Stephanie reached the Batcave as the sun went down. Bruce sat in his computer chair reading from the massive screen in front of him, but he turned around when she came through the door. He set a stack of files aside.

  
“Stephanie,” he said.

  
“Hey.” She walked over to meet him. “I was… wondering.”

  
“Yes?”

  
“My… my daughter. You promised me that you would take care of her.”

  
“I did.”

  
“Do you know— I mean, do you have—” Stephanie stopped to collect herself, then forced out the words as calmly as she could.

  
“How is she?”

  
Bruce stared at her for a few moments. He pulled back his cowl and regarded her with sympathetic eyes.

  
“Are you sure you want to have this conversation?” he asked gently.

  
“Yes. Yes, I’m sure.”

  
“You want to see her.”

  
“I… yes.”

  
“Okay.” Bruce turned back to his computer, clicked on a file, and typed in a twenty-digit number. The screen lit up with a row of photographs. Bruce moved aside to give Stephanie the mouse.

  
“These are from this year,” he told her.

  
She selected the first photograph with shaking hands. It expanded to fill the screen, and Stephanie saw a swimming pool in bright sunlight. A little girl with yellow floaties and a pink sunhat stood on a set of steps in the shallows, splashing droplets upward around her. She had long legs and tiny freckles across her nose.

  
Stephanie scrolled forward: the same girl with blonde pigtails and cowboy boots on a front porch somewhere, the girl and a Labrador puppy tangled together on a grassy background, both asleep. The girl with windswept hair and a kite string, laughing as the kite flew above her.

  
“Are you okay?” Bruce asked.

  
Stephanie nodded and went forward again: the next photo showed the girl kneeling on a sidewalk scrawled with pictures and letters in brightly colored chalk; her hands and cheeks were smeared in those same colors— blue and purple and green.
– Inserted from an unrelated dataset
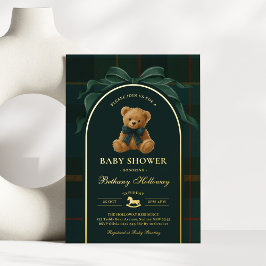 Polo Teddy Bear Tartan Flannel Boy Baby Shower 箔招待状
Two pictures left.

  
The first was the girl in a martial arts uniform with a tiny white belt. She held an orange water bottle bigger than her own head and grinned at the camera. The second was the girl in a black and purple pajama onesie, complete with a cape and a yellow bat logo on the chest.

  
“Christmas morning,” said Bruce, “with her favorite present.”

  
“Oh,” Stephanie stepped away from the screen. “Oh, I—” She felt herself start to cry. “I think I—”

  
“I shouldn’t have showed you.”

  
“No!” Stephanie exclaimed. “No, this is— this is good! I needed to see.”

  
“Her parents send the pictures for you,” Bruce said quietly. “They don’t know who you are, but they send them for you. Her birth mother.”

  
Stephanie swiped the tears away from her eyes— not happy tears exactly, but not sad either. Something deep in Stephanie’s chest released itself, and she leaned against Bruce’s chair for support as she sobbed in relief.

  
They were okay, Stephanie and the little girl both. Everything was going to be okay.

  
“I want the pictures,” she told Bruce. “Whenever they come.”

  
“Of course.”

  
“And I want… I want to thank you.”

  
“There’s nothing to thank me for.”

  
“There is.” Stephanie bent downwards and kissed him on the cheek. “So thank you. And thank them for me too. For the pictures and… and everything else.”

  
“I will.”

  
“I need to go now.” Stephanie smiled and wiped away the tears still falling down her face. “I need to— I need to go.”

  
“Whatever you need…” Bruce offered.

  
“I know.”

  
Stephanie turned and walked out into the dusk, lighter than she had felt in a long time.

 


End file.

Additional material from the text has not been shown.